Indonesian police stage raids on suspected militants in Aceh, 1 officer killed

By Niniek Karmini, AP
Friday, March 5, 2010

Indonesian police stage raid suspected militants

JAKARTA, Indonesia — Indonesian authorities conducted more raids on a group of suspected Muslim militants in the province of Aceh, part of a sweep that has netted at least 14 suspects, who were flown to Jakarta on Friday.

The 14 were charged with plotting terrorist acts on Thursday, and police are investigating whether there is any link to a threat to shipping in the nearby Malacca Strait, national police chief Gen. Bambang Hendarso Danuri said in Jakarta, without elaborating.

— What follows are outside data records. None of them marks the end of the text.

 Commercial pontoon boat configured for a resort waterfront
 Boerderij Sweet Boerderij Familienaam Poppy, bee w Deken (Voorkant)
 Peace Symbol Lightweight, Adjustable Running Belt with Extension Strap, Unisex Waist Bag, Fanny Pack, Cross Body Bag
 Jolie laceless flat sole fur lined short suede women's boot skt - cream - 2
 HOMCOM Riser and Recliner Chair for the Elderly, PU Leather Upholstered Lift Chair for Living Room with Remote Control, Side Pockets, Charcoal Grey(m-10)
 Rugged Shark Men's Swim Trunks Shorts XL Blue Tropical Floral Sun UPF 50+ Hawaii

Singapore’s navy warned this week that an unnamed terrorist group was planning attacks on oil tankers in the strait, one of the world’s busiest shipping lanes.

A police officer was killed and at least 10 were wounded in the latest raids, conducted Thursday in Aceh’s Lamkabeue village, provincial police chief Maj. Gen. Aditya Warman told reporters. Danuri said there were casualties among the militants, but declined to give details.

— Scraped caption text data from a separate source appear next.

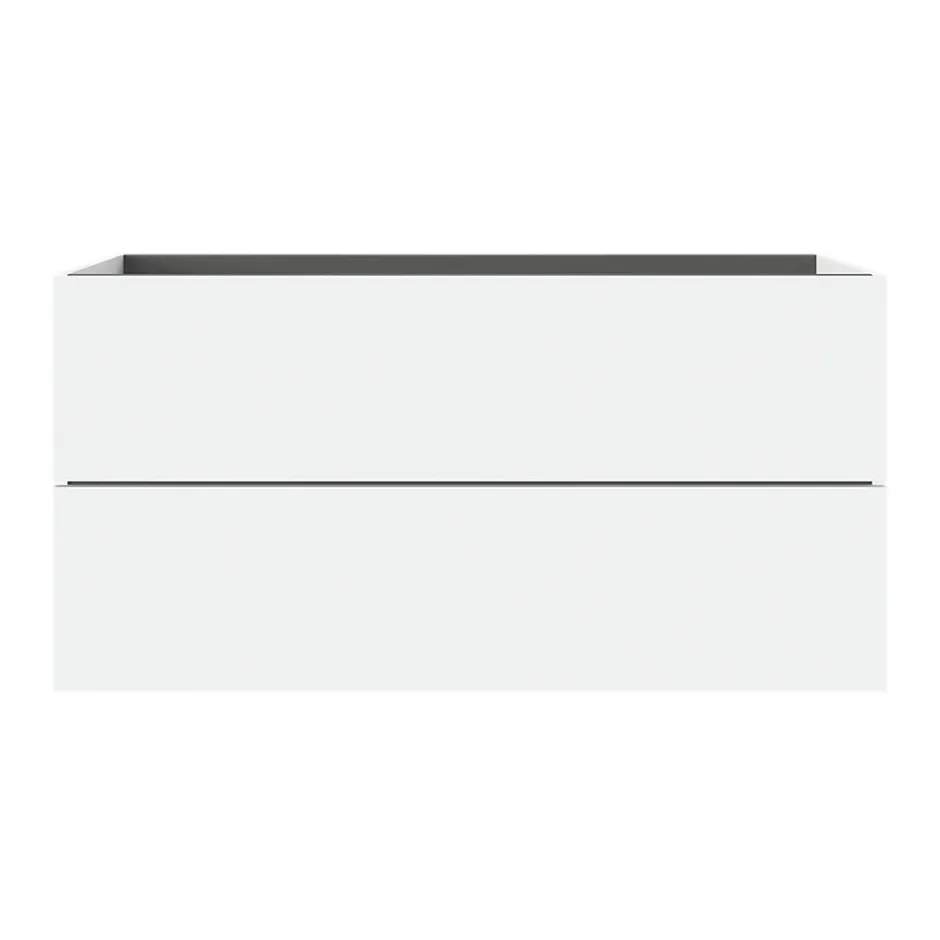 GoodHome Meuble sous vasque 2 tiroirs sans poignées l.120 x H.60 x P.45 cm blanc mat Kentia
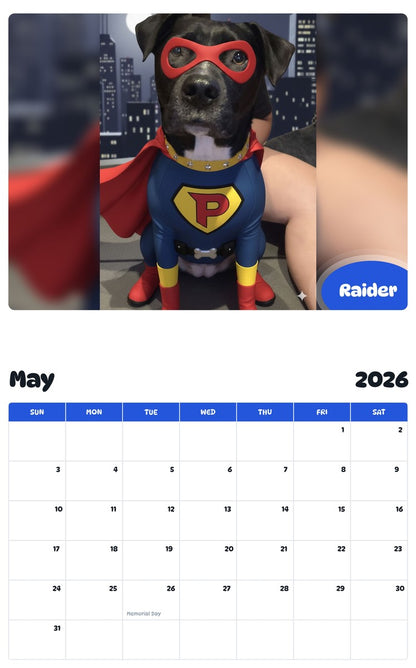 2026 - 2027 Raider - Pawidols Pet Calendar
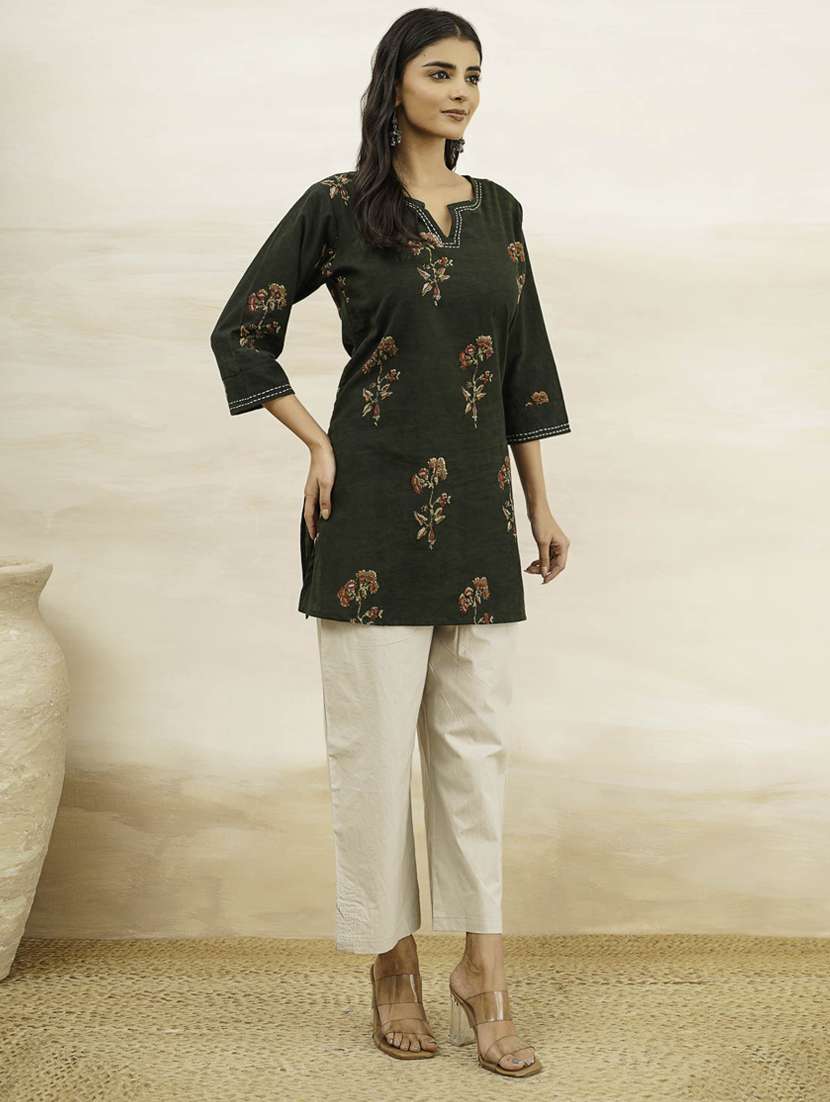 women floral printed three quarter sleeve straight kurti - 22260687 -  Standard Image - 1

The battle came during a police crackdown on militants in Aceh suspected of being linked to the Southeast Asian terror network Jemaah Islamiyah.

President Susilo Bambang Yudhoyono told his Cabinet colleagues on Friday that the group had set up in Aceh believing that Indonesian security forces had lost interest in the socially conservative province since a violent separatist movement ended.

Separatist rebels signed a peace agreement with Indonesia’s government in 2005, ending 29 years of fighting and making the province semiautonomous.

Yudhoyono said the terrorists were not former members of the now defunct Free Aceh Movement, the only militant group previously known to operate in Aceh.

“This is a really well organized terrorist group who chose Aceh as its training region,” Yudhoyono said.

In his opening address to government ministers, which reporters are allowed to hear before the Cabinet meets behind closed doors, Yudhoyono said he had received reports that the alleged terrorist leader was not from Aceh.

Authorities have not made public the leader’s identity or said if the leader is among the 14 suspected militants under arrest. Police have said that the prisoners include a man who allegedly received terrorism training overseas.

Senior police refused to comment on Friday.

The 14 were flown from Banda Aceh on Friday to national police headquarters in Jakarta for further questioning, a police official said on condition of anonymity because he was not authorized to speak to the media.

The men were caught in several raids beginning Feb. 22, when four were arrested by police after a gunbattle in a suspected militant training camp in Aceh’s mountains, police spokesman Maj. Gen. Edward Aritonang said.

They confessed to undergoing paramilitary training, including weapons use and hand-to-hand combat, at the camp in preparation for a terrorist attack, he said, declining to specify the alleged target.

Under Indonesia’s tough counterterrorism laws enacted in 2003, planning a terrorist attack can be punished by up to 20 years in prison.

Another suspect was fatally shot by police after he fled with two men from a bus that was stopped at a police checkpoint early Wednesday, Aritonang said. Witnesses said the other two men escaped.